The two parameter sets are mutually exclusive — mixing them raises
``ValueError``. Returns ``(series_id, valid_time, value)`` — one row
per cutoff-winning forecast.


Run lookups
-----------

Each ``write()`` call generates a single client-side ``run_id`` (a UUID7
truncated to 63 bits) unless ``run_id`` is supplied as a column on the
DataFrame. ``run_series`` indexes the (series, run) pairs:

.. code-block:: python

   # Newest run first.
   run_ids = td.read_run_series(series_id=42)


Best practices
--------------

1. **Always use timezone-aware UTC datetimes.** Naive timestamps raise.

   .. code-block:: python

      from datetime import datetime, timezone
      good = datetime(2025, 1, 1, 12, tzinfo=timezone.utc)

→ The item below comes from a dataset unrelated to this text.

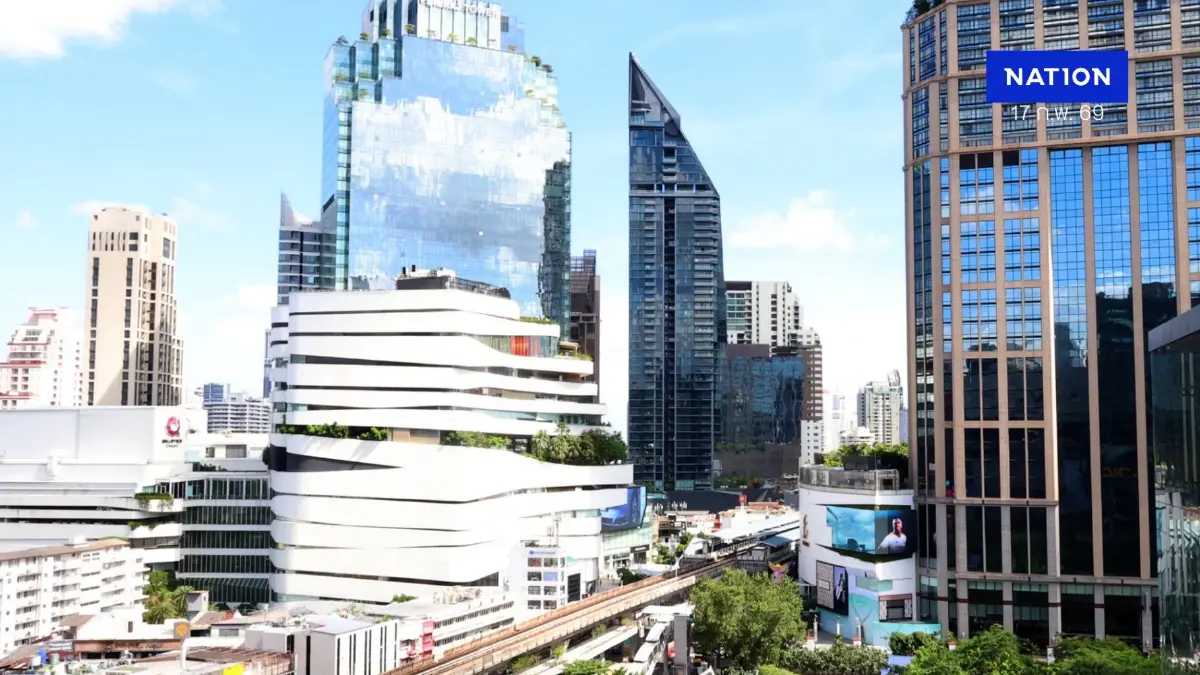 จีดีพีปี 68 โตเกินคาด 2.4% สะท้อนประสิทธิภาพรัฐบาล ปลุกเชื่อมั่น จีดีพีปี 68 โตเกินคาด 2.4% สะท้อนประสิทธิภาพรัฐบาล ปลุกเชื่อมั่น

2. **Use** ``knowledge_time`` **for forecast revisions.** The same
   ``(series_id, valid_time)`` can have many ``knowledge_time`` values;
   each represents a distinct forecast run.

3. **Append corrections, don't UPDATE.** A correction is a new row with
   the same ``(series_id, valid_time, knowledge_time)`` tuple, a fresh
   ``change_time``, and the new ``value``. Reads pick the latest
   ``change_time`` automatically.

4. **Pick a retention tier per series, not per write.** The DDL
   partitions on ``retention``; mixing tiers within a single series
   defeats the partition pruning.

5. **Hold series metadata externally.** TimeDB doesn't track series
   names, units, or labels. Use ``energydb`` (or your own catalog table)
   to keep that mapping.


Error handling
--------------

.. code-block:: python

   try:
       td.write(df, retention="bogus")
   except ValueError as e:
       print(e)  # "Unknown retention 'bogus'. Valid values: [...]"

The most common ``ValueError``\ s come from:

- An unknown ``retention`` value (kwarg or column).
- Naive timestamps in any time column.
- Missing required columns (``series_id``, ``valid_time``, ``value``).
- Both kwarg and column supplied for ``retention`` or ``knowledge_time``.

Connection errors (ClickHouse unreachable, auth failure) propagate
directly from ``clickhouse-connect``.